**Raw data**
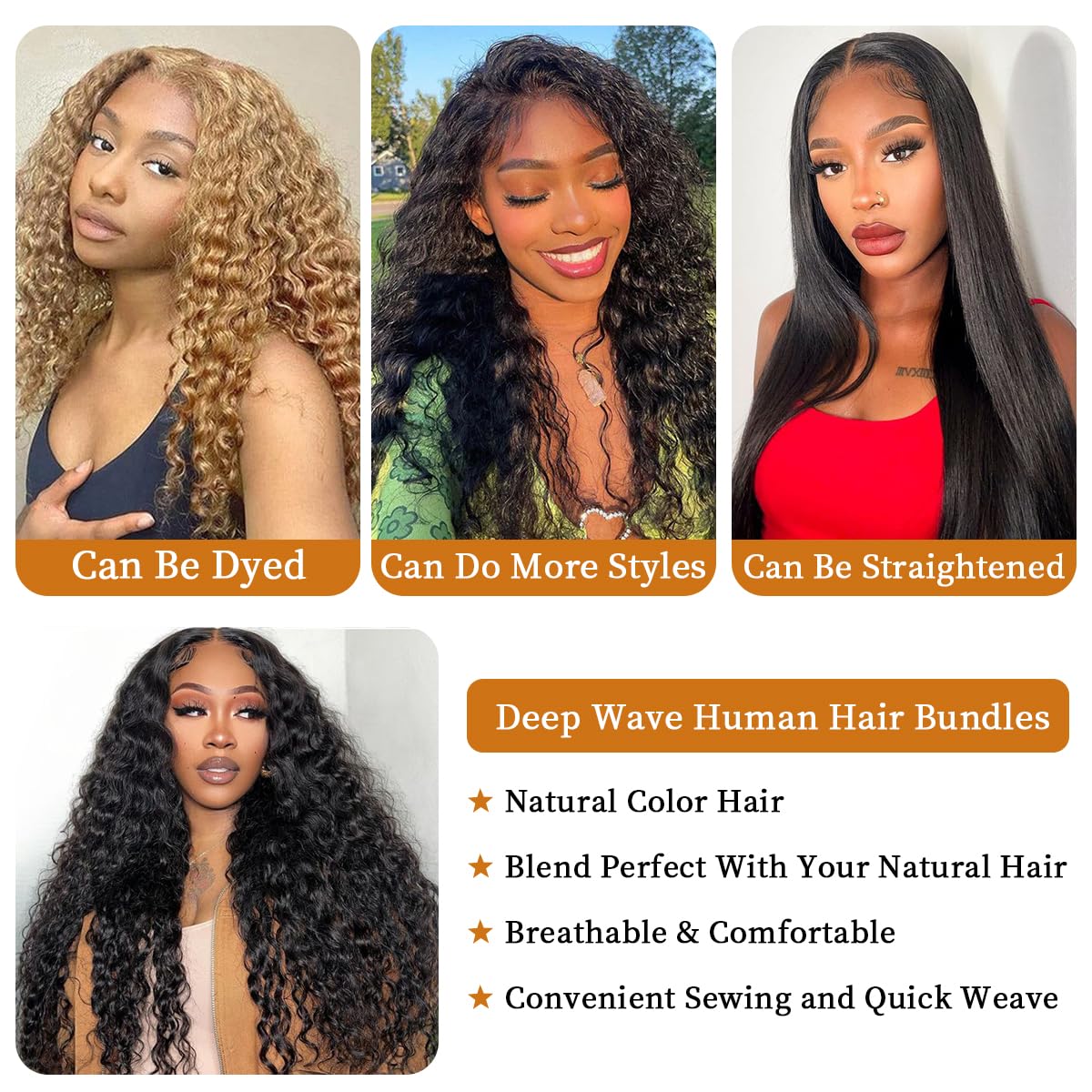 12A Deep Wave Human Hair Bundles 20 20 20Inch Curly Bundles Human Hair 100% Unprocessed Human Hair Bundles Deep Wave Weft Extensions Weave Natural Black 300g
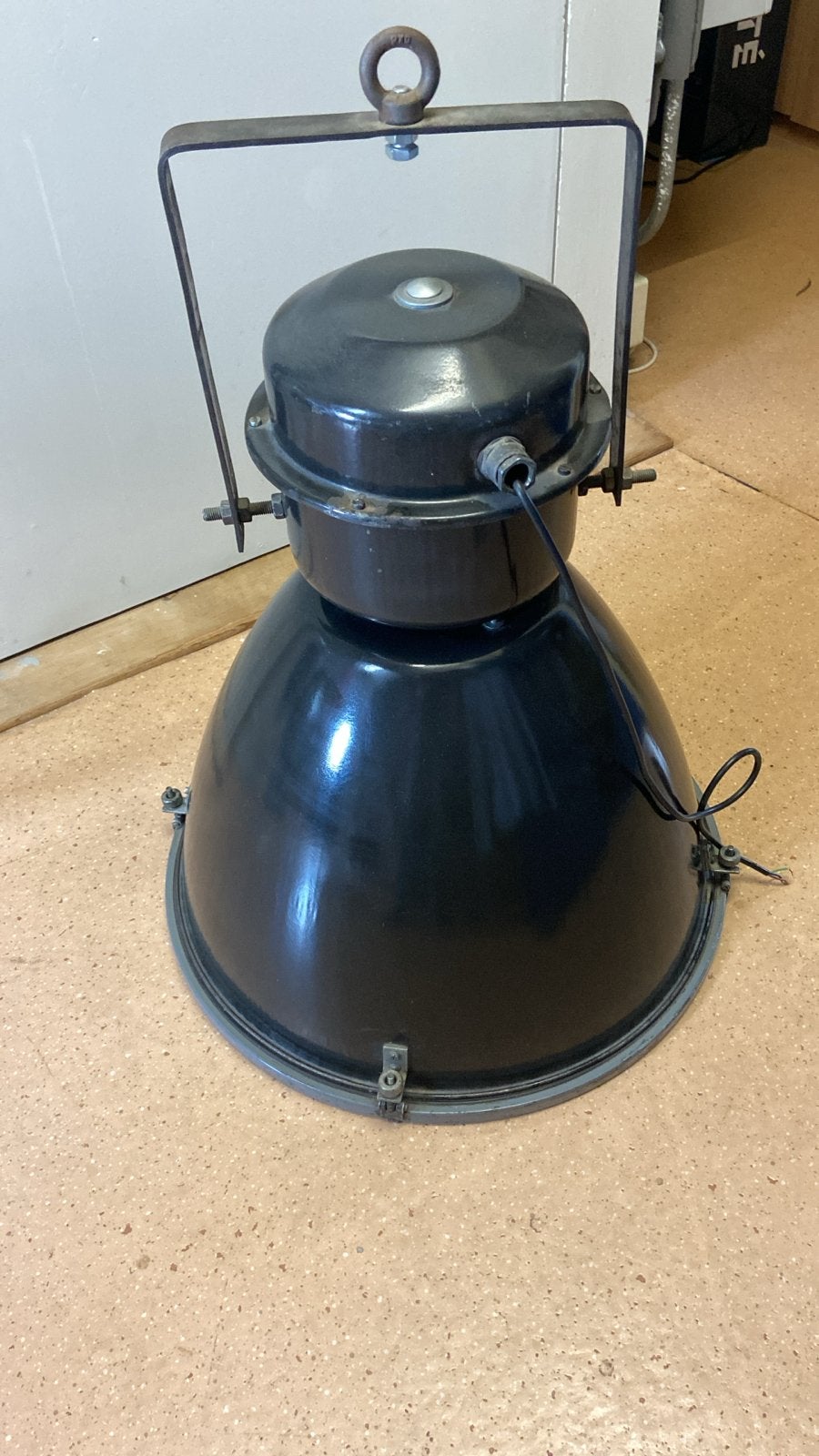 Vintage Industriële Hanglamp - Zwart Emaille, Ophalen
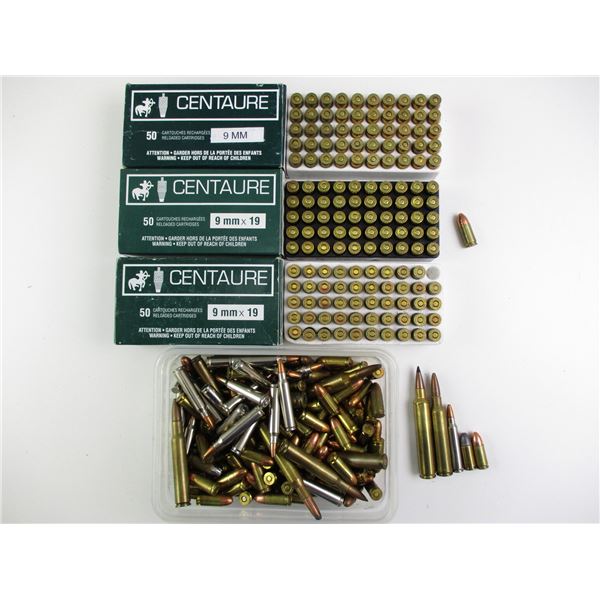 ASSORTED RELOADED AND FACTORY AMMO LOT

* * *

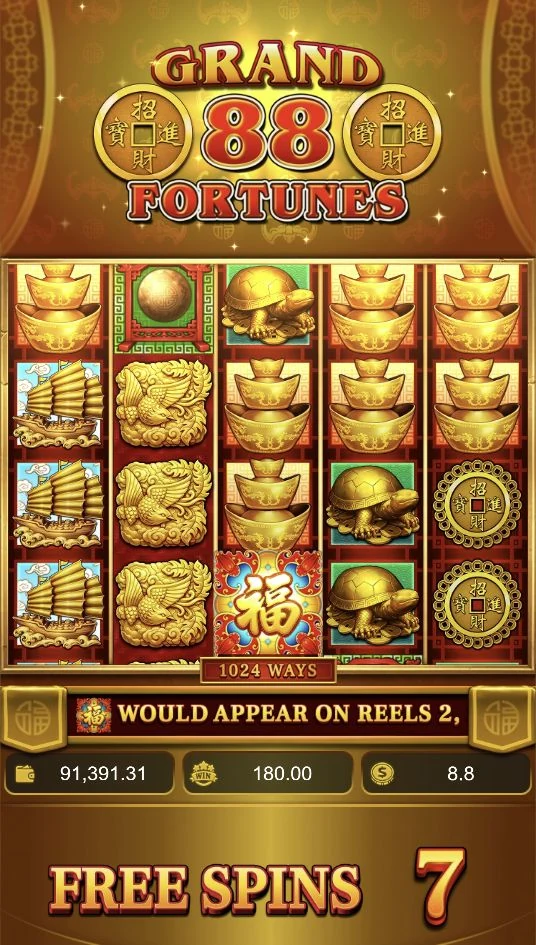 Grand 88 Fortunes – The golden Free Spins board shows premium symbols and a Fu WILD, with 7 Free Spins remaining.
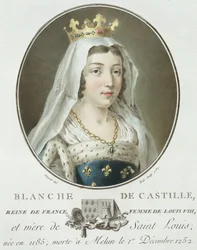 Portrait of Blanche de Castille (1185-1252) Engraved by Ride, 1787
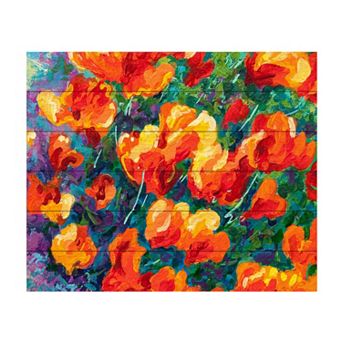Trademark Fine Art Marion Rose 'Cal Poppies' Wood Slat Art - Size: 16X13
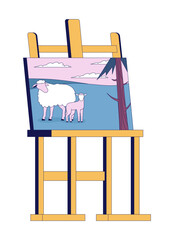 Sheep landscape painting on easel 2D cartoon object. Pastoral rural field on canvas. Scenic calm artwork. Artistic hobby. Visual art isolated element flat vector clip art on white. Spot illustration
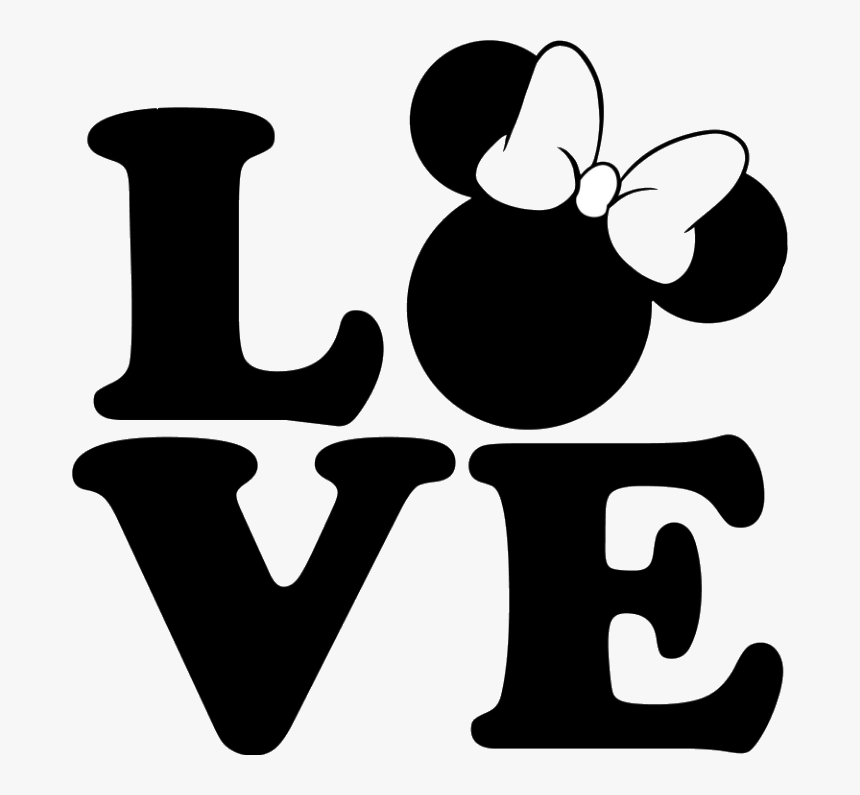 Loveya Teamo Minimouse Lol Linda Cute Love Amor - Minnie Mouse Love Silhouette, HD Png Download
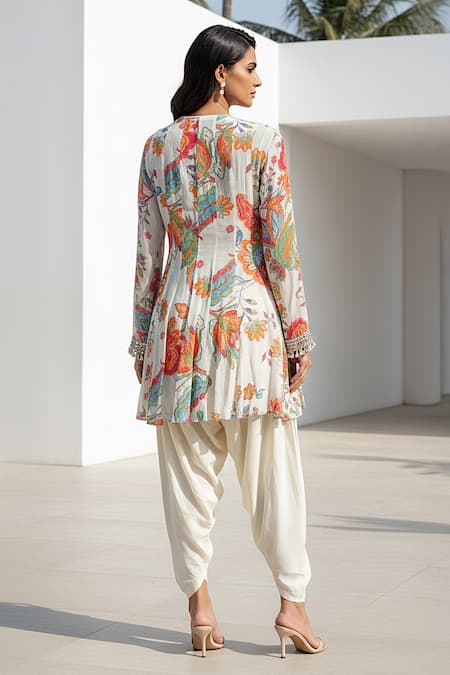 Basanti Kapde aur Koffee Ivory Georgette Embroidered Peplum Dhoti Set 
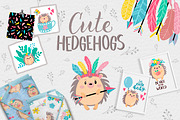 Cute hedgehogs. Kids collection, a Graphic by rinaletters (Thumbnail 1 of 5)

**Task to complete**
Keep to the stretch from the line containing "Portrait of Blanche" through the line containing "Cute hedgehogs. Kids", both ends included, and copy it exactly from the listing above, minus the pictures.

**Task result**
 Portrait of Blanche de Castille (1185-1252) Engraved by Ride, 1787
Trademark Fine Art Marion Rose 'Cal Poppies' Wood Slat Art - Size: 16X13
 Sheep landscape painting on easel 2D cartoon object. Pastoral rural field on canvas. Scenic calm artwork. Artistic hobby. Visual art isolated element flat vector clip art on white. Spot illustration
 Loveya Teamo Minimouse Lol Linda Cute Love Amor - Minnie Mouse Love Silhouette, HD Png Download
 Basanti Kapde aur Koffee Ivory Georgette Embroidered Peplum Dhoti Set 
 Cute hedgehogs. Kids collection, a Graphic by rinaletters (Thumbnail 1 of 5)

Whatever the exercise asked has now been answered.